To make it more interesting, we will consider that we want to reuse existing
optimizations implemented in a dialect optimizing linear algebra: Linalg
. This
dialect is tailored to the computation heavy part of the program, and is
limited: it doesn't support representing our toy.print
builtin for instance,
neither should it! Instead we can target Linalg
for the computation heavy part
of Toy (mostly matmul), we will target the Affine
dialect for other
well-formed loop nest, and directly the LLVM IR
dialect for lowering print
.
Similarly to the canonicalization patterns introduced in the previous section,
the DialectConversion
framework involves its own set of patterns. This
framework operates a bit differently from the canonicalizer: a new function is
created and the pattern matching operation in the original function are expected
to emit the IR in the new function.
Dialect conversion requires three components, implemented by overriding virtual
methods defined in DialectConversion
:
- Type Conversion: for things like block arguments' type.
- Function signature conversion: for every function it is invoked with the function type and the conversion generates a new prototype for the converted function. The default implementation will call into the type conversion for the returned values and for each of the parameters.
- Operations convertions: each pattern is expected to generate new results matching the current operations' in the new function. This may involve generating one or multiple new operations, or possibly just remapping existing operands (folding).

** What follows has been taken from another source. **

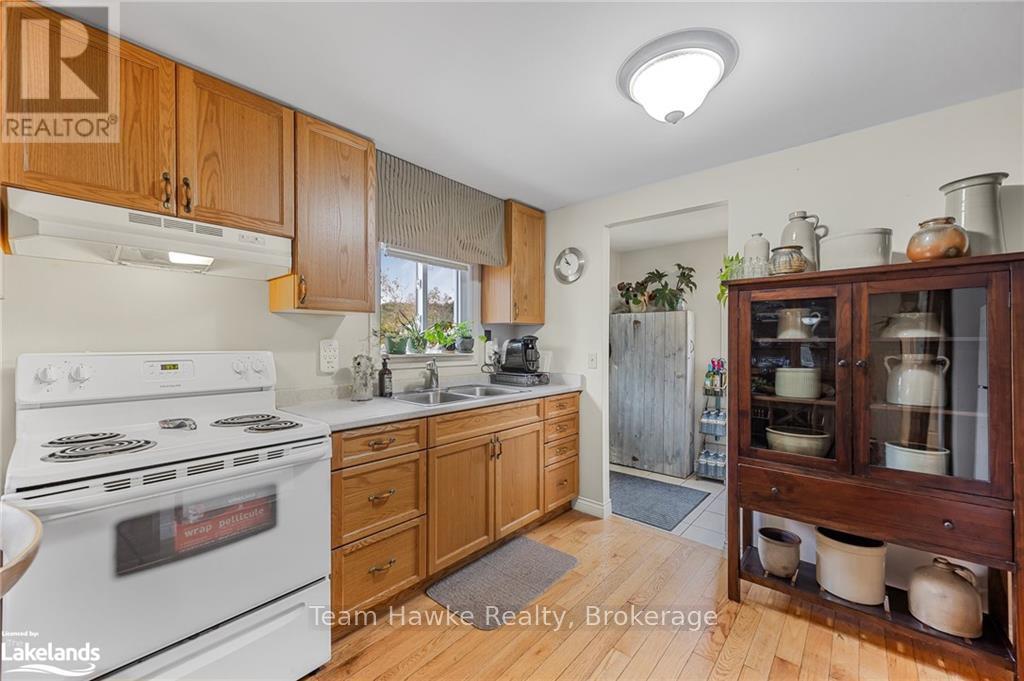 14 - 5263 Elliott Side Road, Tay, Ontario  L0K 1R0 - Photo 11 - S10440435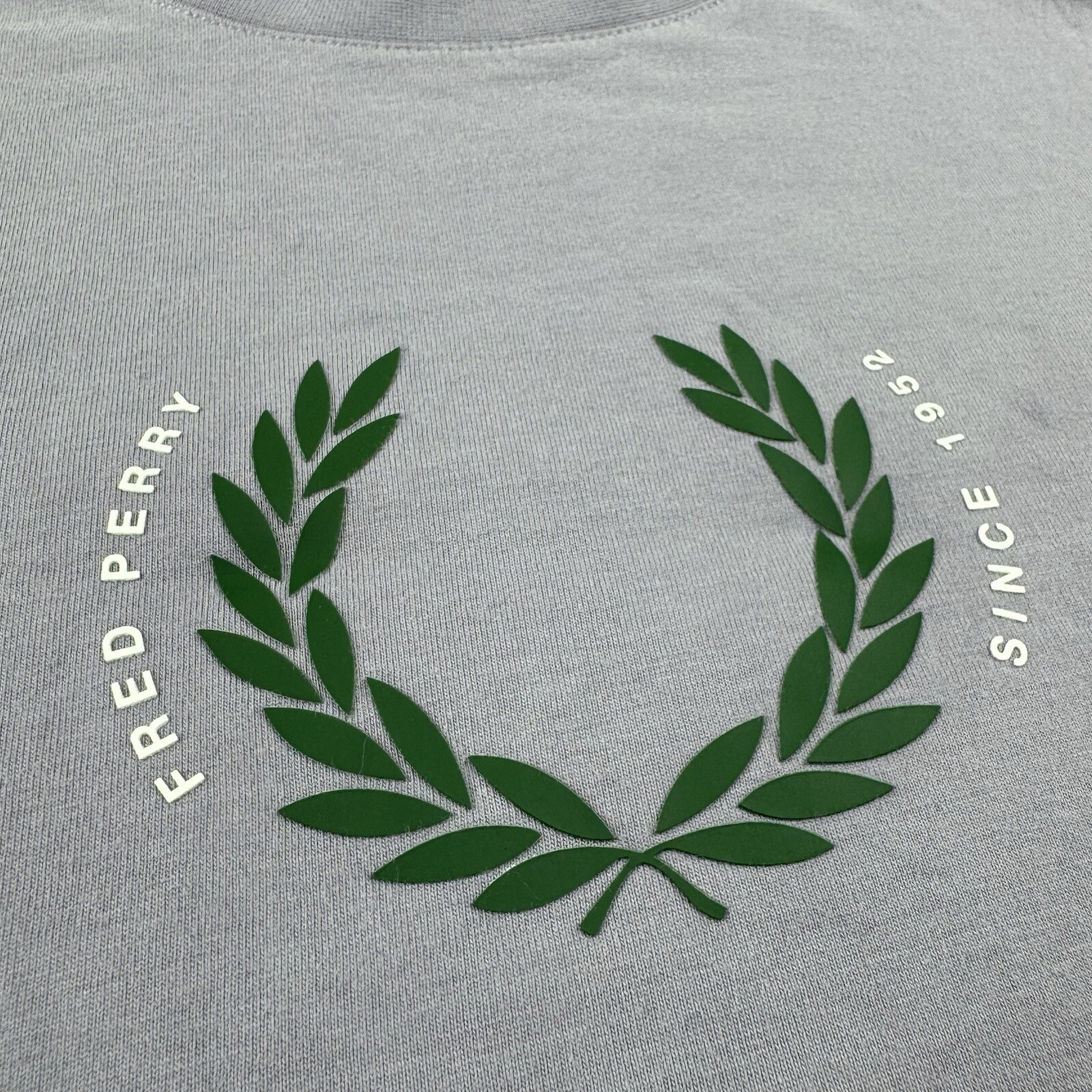 Fred Perry Light Purple Cotton Iconic Graphic T Shirt Size Men’s Small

A typical starting point for implementing our lowering would be:
class Lowering : public DialectConversion {
public:
// This gets called for block and region arguments, and attributes.
Type convertType(Type t) override { /*...*/ }
// This gets called for functions.
FunctionType convertFunctionSignatureType(FunctionType type,
ArrayRef<NamedAttributeList> argAttrs,
SmallVectorImpl<NamedAttributeList> &convertedArgAttrs) { /*...*/ }
// This gets called once to set up operation converters.
llvm::DenseSet<ConversionPattern *>
initConverters(MLIRContext *context) override {
RewriteListBuilder<MulOpConversion, PrintOpConversion,
TransposeOpConversion>::build(allocator, context);
}
private:
llvm::BumpPtrAllocator allocator;
};
Individual operation converters are following this pattern:
/// Lower a toy.add to an affine loop nest.
///
/// This class inherit from `ConversionPattern` and override `rewrite`,
/// similarly to the PatternRewriter introduced in the previous chapter.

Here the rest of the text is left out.